About being too complex to be controlled, yes maybe, but there is very good people controlling complexity.
I know lots of entrepreneurs, as I am one myself.
The best entrepreneurs will learn from other people. Take for example Steve Jobs, he was not born knowing it all, he had fckng Robert Noyce as mentor, and all his life was spent learning from the best he could, like Polaroid inventor or Sony founder.(every year he will take 100 people from his company to learn from)
No matter were you are, there is always someone 10 to 20 years over you on a topic, and the best thing you could do is learn from them instead of thinking you are inventing gunpowder(Spanish expression that means you are inventing something revolutionary nobody knows about).
I personally know a man called Warren Buffet.

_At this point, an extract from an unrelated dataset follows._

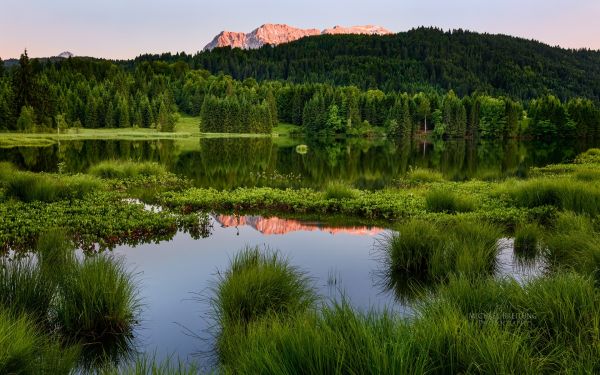 panorama,floresta,montanhas,lago,agua,natureza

This man, who is super rich old(normal old people believe they know it all) and famous will cold call you if he is interested in something you do for please explain it to him, and then he will start asking you deep questions about your business like crazy and if you ask him, he would do the same for you for anything you ask. This man has amazing amounts of valuable knowledge. In public he could not say what he really things because his word alone is capable of making markets go up or down.
Successful people do something called "masterminding", that is very similar to "pay it forward" in Silicon Valley. They learn form each other what works and what does not. They do it officially or by networking and just talking.
For anyone arguing that there is some causation behind a startup's success besides "luck", I challenge you to prove it.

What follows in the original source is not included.